„Danke. Aber wie eben zu meiner Mutter gesagt, zu viele Geheimnisse haben die beiden Familien fast zerstört und ich will nicht jener sein, der neu damit beginnt.“
Ich holte tief Luft.
„Ich bin schwul und Olivia behauptete ich hätte mich an Jayden vergangen!“
„Bitte?“, kam es entsetzt von Mason.
Seine Augenbraun wanderten nach oben, dadurch schienen seine Augen noch größer.
„Es tut mir leid Mason, aber wenn du mit Jack ebenso nicht klar kommst, solltest du jetzt gehen!“
Entgeistert schaute dieser Mann meine Mutter an.

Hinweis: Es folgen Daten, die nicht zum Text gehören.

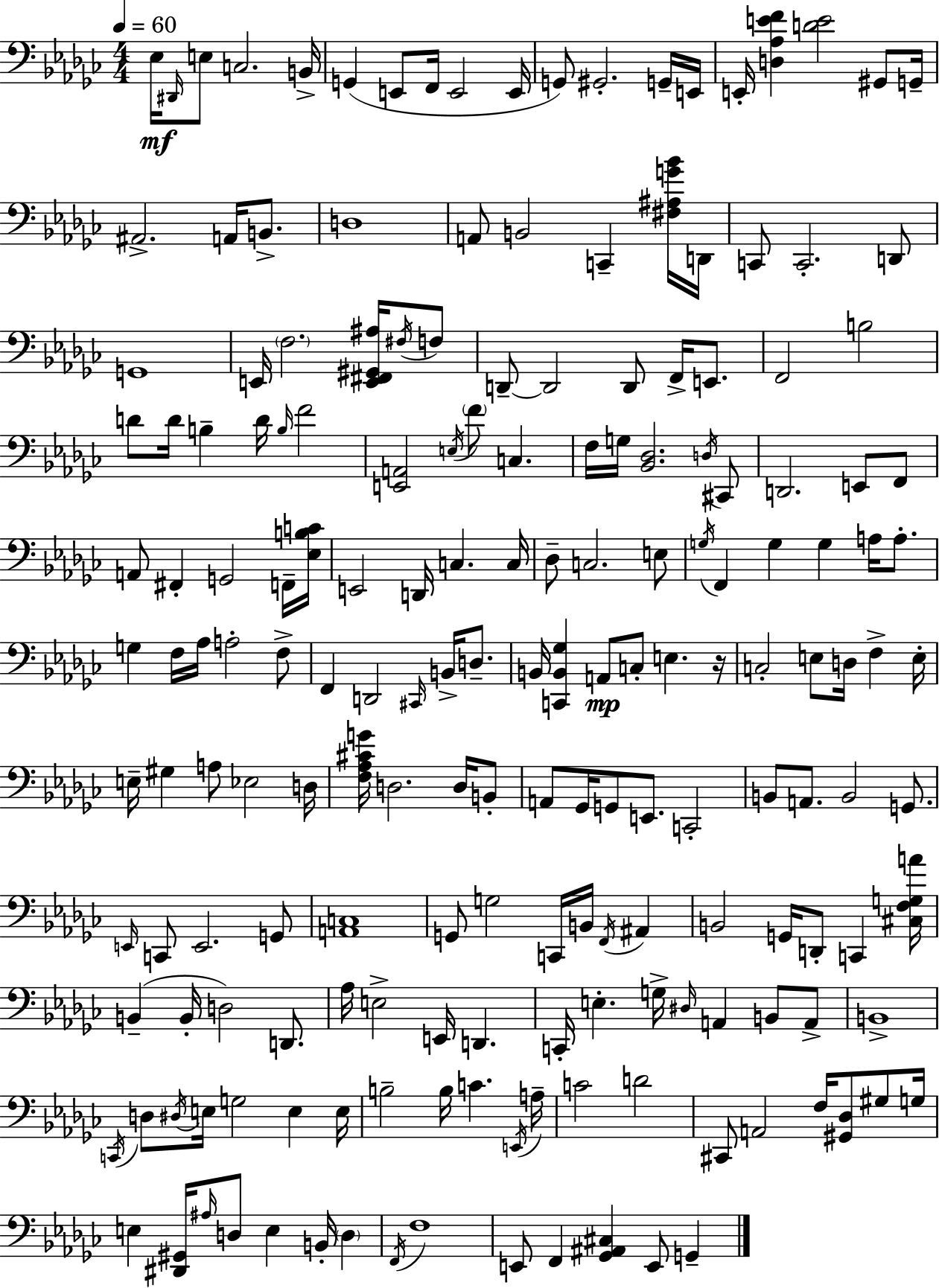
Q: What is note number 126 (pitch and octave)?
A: D3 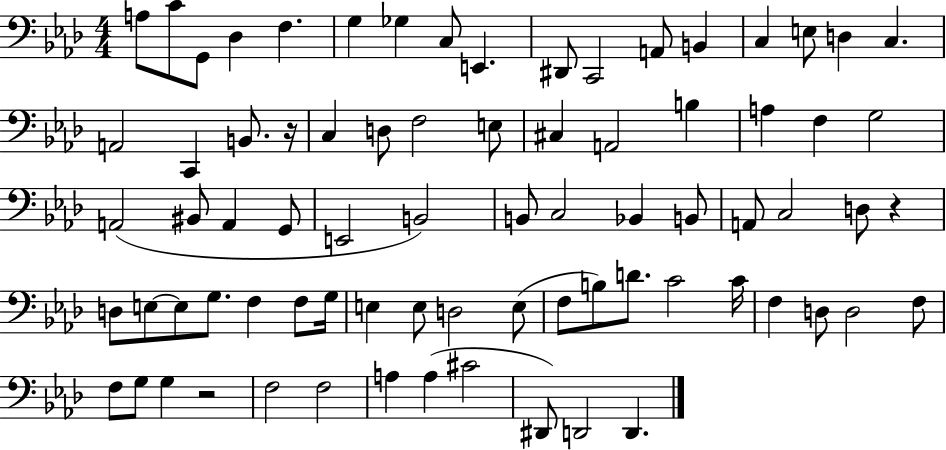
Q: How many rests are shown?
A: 3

„Halt… halt Charlotte, du verstehst das falsch. Ich habe selbst einen Sohn der schwul ist, ich bin nur so entsetzt über die Reaktion Olivias!“
Hoppla, damit hätte ich jetzt nicht gerechnet.
„Du hast einen Sohn?“
„Genaugenommen zwei…, Zwillinge und einer der beiden ist schwul!“
Umständlich griff er nach hinten und zog sein Portemonnaie hervor und zog etwas heraus.
„Das ist Stan und Niklas!“, meinte er und legte Mum eine Fotografie hin.
„Wo sind die beiden jetzt und wie alt sind sie?“
„Bei den Eltern meiner verstorbenen Frau. Sie sind gerade siebzehn geworden.“
Ich beugte mich vor, um auch etwas sehen zu können.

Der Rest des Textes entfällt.